### Exercise material
######

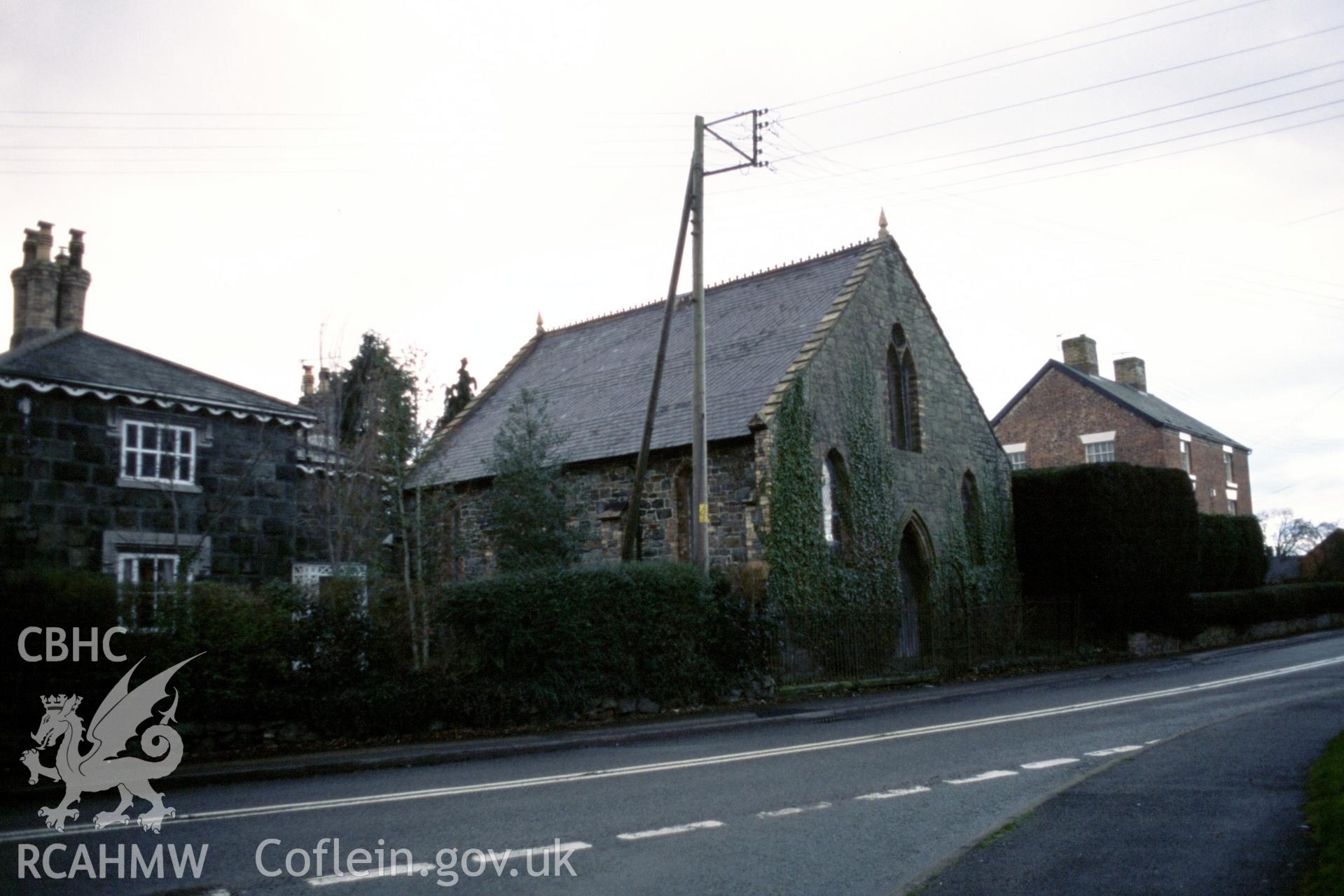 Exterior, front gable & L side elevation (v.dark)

######

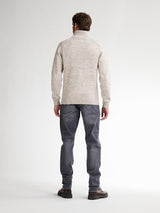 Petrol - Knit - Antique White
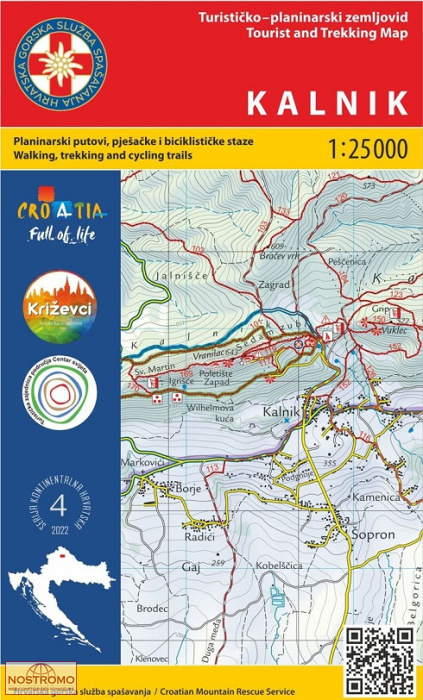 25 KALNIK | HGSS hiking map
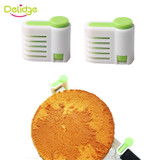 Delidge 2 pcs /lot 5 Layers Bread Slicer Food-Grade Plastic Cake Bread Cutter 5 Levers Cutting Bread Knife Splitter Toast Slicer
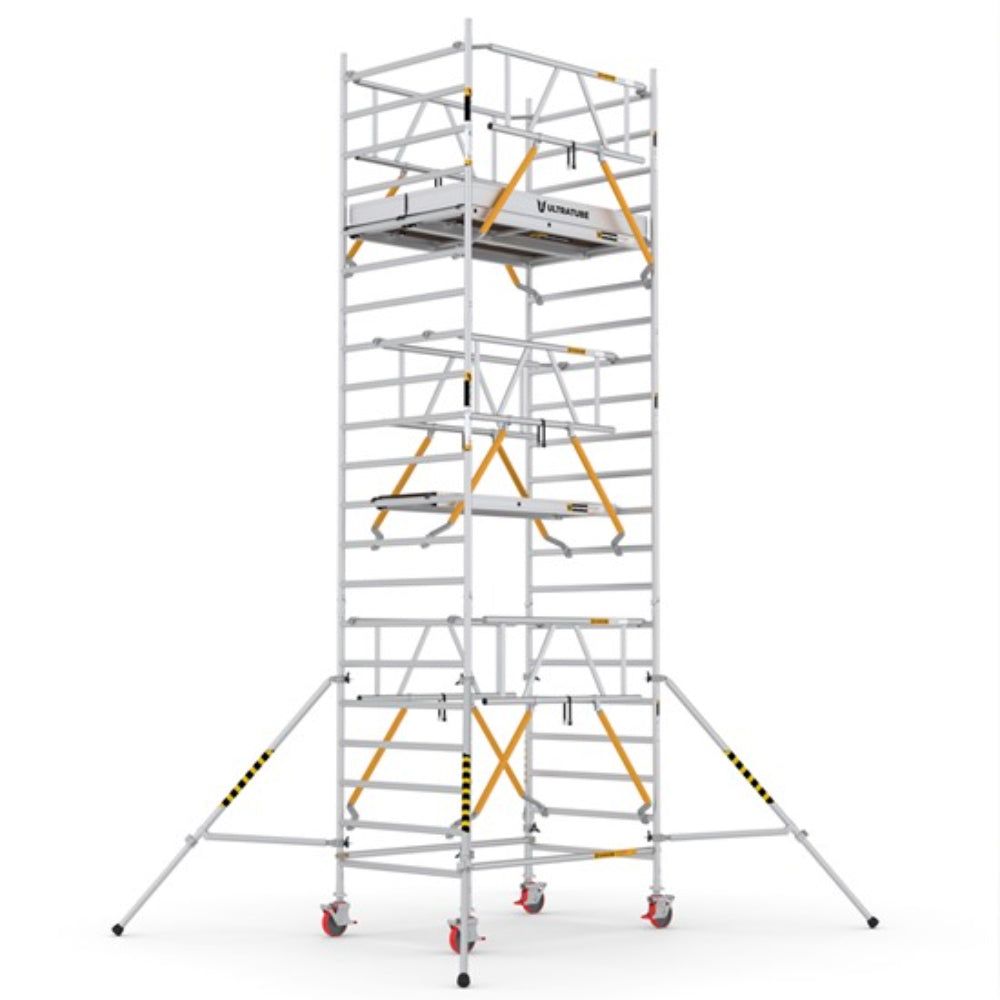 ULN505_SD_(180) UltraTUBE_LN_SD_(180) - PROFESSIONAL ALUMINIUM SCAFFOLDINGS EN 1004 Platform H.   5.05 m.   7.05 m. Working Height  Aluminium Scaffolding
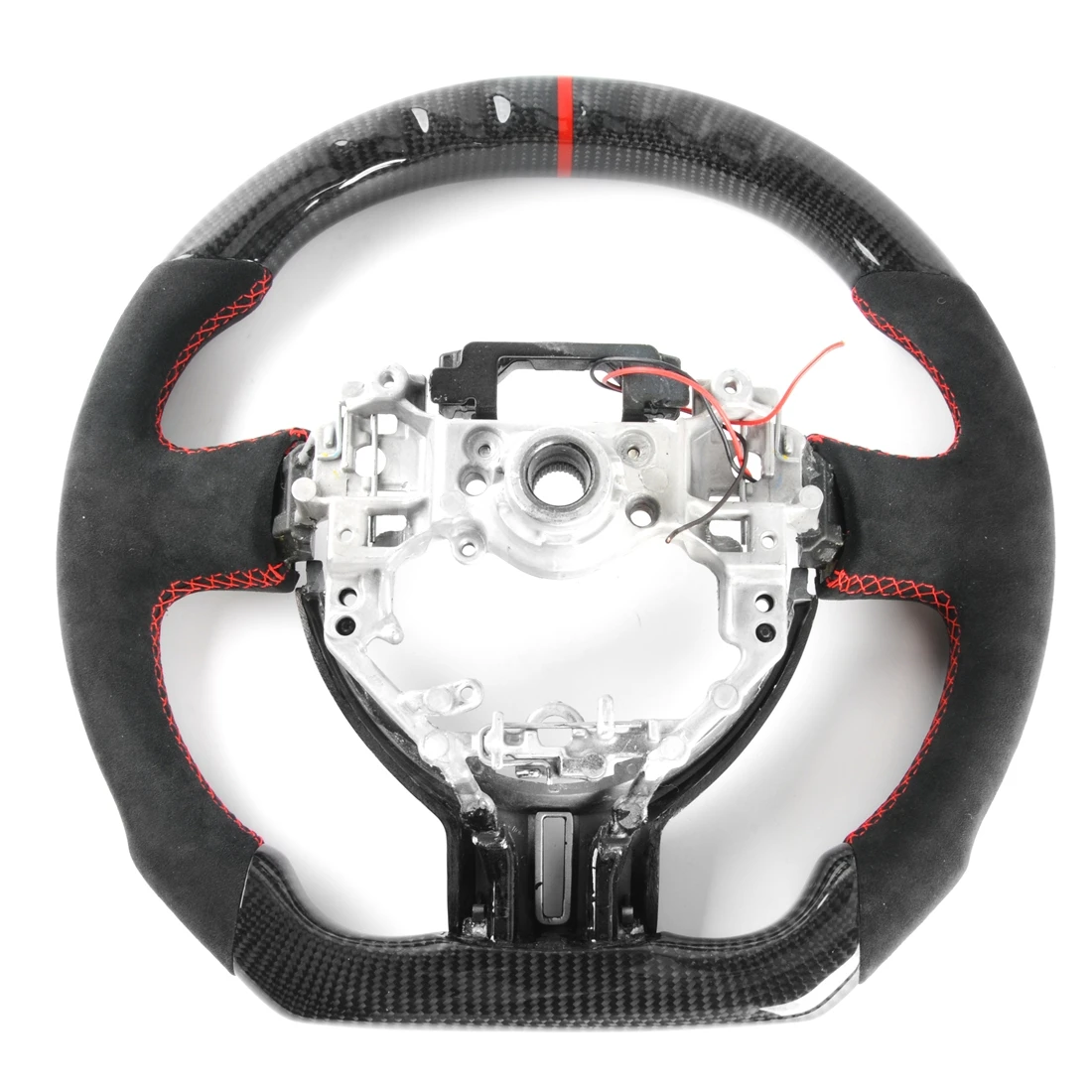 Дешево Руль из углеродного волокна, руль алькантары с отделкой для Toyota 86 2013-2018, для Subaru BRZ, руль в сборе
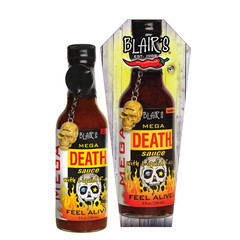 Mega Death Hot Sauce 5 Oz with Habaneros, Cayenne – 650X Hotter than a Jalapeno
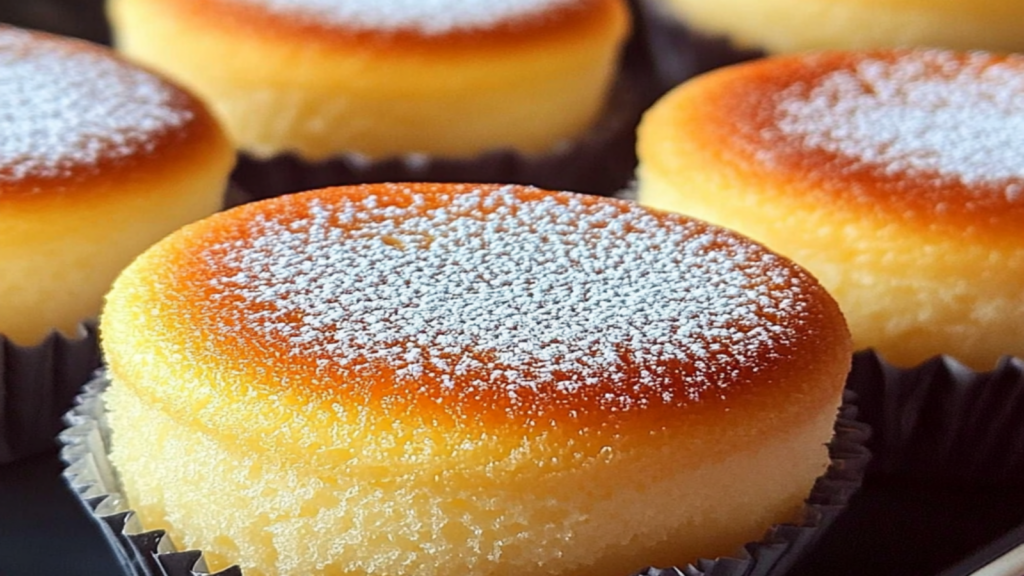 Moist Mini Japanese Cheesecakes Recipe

######

### Task to carry out
Above are some records; extract exactly the lines from the one containing "Mega Death Hot" through the one containing "Moist Mini Japanese Cheesecakes Recipe" and drop the pictures.

### Exercise answer
 Mega Death Hot Sauce 5 Oz with Habaneros, Cayenne – 650X Hotter than a Jalapeno
 Moist Mini Japanese Cheesecakes Recipe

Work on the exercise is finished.